The crude production in Azerbaijan rose quickly from 0.5 to 1 mbd between 2005 and 2011, but declined by 15 % during the last 3 years to 0.85 mbd in 2014. It is assumed that the 3 % decline phase is ongoing and will continue to 2016. Afterwards, the production will decline by 6 %/year and the production in 2020 and 2030 is modelled to be 0.63 and 0.34 mbd, respectively. Accordingly, the current reserves, given as 7 Gb, would be reduced to about 2 Gb by the year 2050.
The official reserves of the landlocked country Kazakhstan are given as 30 Gb. Between 2010 and 2014, crude oil production grew by about 7 %. New and planned oil explorations and pipelines are all found in the eastern parts and it thus seems logical to assume that the additional oil will all be exported to China. For the older oil fields, mostly connected through pipelines to the Russian infrastructure, it is assumed that they will start the decline during the next 5 years. Combining this with some continued growth in the eastern parts, a plateau production at around 1.8 mbd will be reached between 2018 and 2023. After that and applying our model, the production will decline by 3 %/year to 2028 and 6 %/year afterwards. It is thus estimated that the production in 2020 will be 1.8 mbd from where it will decline to 1.4 mbd by 2030. According to this modelled production profile, the remaining reserves around 2050 would be about 15 Gb. One might conclude either that today’s reserves of Kazakhstan are overestimated or that additional production and export capacity of up to 2 mbd might be developed during the next decades. Considering the geographical location and the growing importance of China in this region, it seems most likely that any new and expensive pipeline structures would deliver this additional oil to China.
Combining the internal oil consumption in the FSU countries, given as 4.4 mbd during 2014, it is assumed that the internal consumption increase observed during the past years might continue for a few more years to at least to 4.5 mbd in the year 2020. Given increase in the FSU’s consumption and the decrease in its production, oil available for export to Western Europe will decline from 6 mbd in the year 2014 to about 4 mbd (2020) and will essentially be terminated around the year 2030.
Asia/Oceania
The remaining crude oil reserves in the Asia and Oceania region, where almost half of the world population lives, are relatively small and are given by the EIA as 45 Gb at the beginning of 2014. The overall production stayed roughly constant during the last 10 years and about 2.5 Gb of crude oil was produced during the year 2014. During the same period, the annual consumption in this region increased by about 30 % from 7.5 to about 10 Gb (27 mbd). Most of this imported oil originates from the Middle East OPEC countries and is transported by large ships that carry up to 3 mb.
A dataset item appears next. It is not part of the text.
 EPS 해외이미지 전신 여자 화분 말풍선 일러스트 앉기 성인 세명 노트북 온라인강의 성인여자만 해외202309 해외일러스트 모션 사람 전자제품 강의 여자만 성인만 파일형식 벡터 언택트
Slightly more than half of the estimated remaining reserves and of the current production in this area is associated with China. The crude oil production in China grew during the first decade of the twentieth century, but appears to have reached the plateau production phase. The future production for China is modelled at a plateau value of 4.2 mbd until 2015, followed by 5 years with 3 %/year decline and by 6 %/year afterwards. Production would decrease accordingly to about 3.6 mbd in 2020 and 1.9 mbd in 2030. Following this extraction model, China’s official reserves, 24 Gb, would be terminated around the year 2050.
India’s reserves at the beginning of 2014 are given as 5.5 Gb and production over the past decade was rather stable at about 0.7–0.8 mbd. This is still far below the relatively small internal consumption of 3.7 mbd (1.35 Gb/year). It is assumed that this production plateau can be maintained to 2020, and will decline by 3 %/year to 2025 and by 6 %/year afterwards. According to the modelled future production, India’s reserves will be exhausted around the year 2050.
Combining the other Asian and Oceanic oil-producing countries, mainly Indonesia, Malaysia, Australia, Thailand and Vietnam, one observes that their production since 2009 declined by about 13 % and thus almost by 3 %/year. It is assumed that the 6 % decline period starts in 2016. Accordingly, the production will decline from 2.76 mbd (2013) to 1.9 and 1.0 mbd by 2020 and 2030, respectively. With reserves of about 15.5 Gb (end of 2013) and our modelled production, the reserves are expected to be terminated between 2045 and 2050.
Africa
Oil production perspectives on this huge continent, with a population of about 1 billion people, can be comfortably divided into North Africa and the sub-Saharan Africa. The total oil reserves of Africa at the beginning of 2014, given by the EIA, are 127 Gb. About 83 % of these oil reserves are found in four countries: Libya (48 Gb), Nigeria (37 Gb), Angola (9 Gb) and Algeria (12 Gb). About 76 % of the African oil in 2014 was produced by these four countries. With an overall production of 8 mbd and an almost negligible per capita oil consumption of 0.6 litre per day, >50 % of the produced oil in 2014 was, according to the 2015 BP report, exported to Western Europe (2.8 mbd), China (1.3 mbd), India (0.6 mbd) and North America (0.6 mbd).
North Africa
The oil production in Libya, with its small population, is heavily affected by the “aftershocks” of the recent war against this country. The 2014 production was 0.5 mbd, about 1/3 of the production before the war. Even if the presumably huge and high-quality crude reserves of 48 Gb would be largely exaggerated and without further wars, it should be possible to increase the oil production at least to the pre-war level of 1.5 mbd (0.55 Gb/year) and maintain it at that level for many decades. It is assumed that around the years 2020 and in the following decades the production will reach the pre-war production of around 1.5 mbd.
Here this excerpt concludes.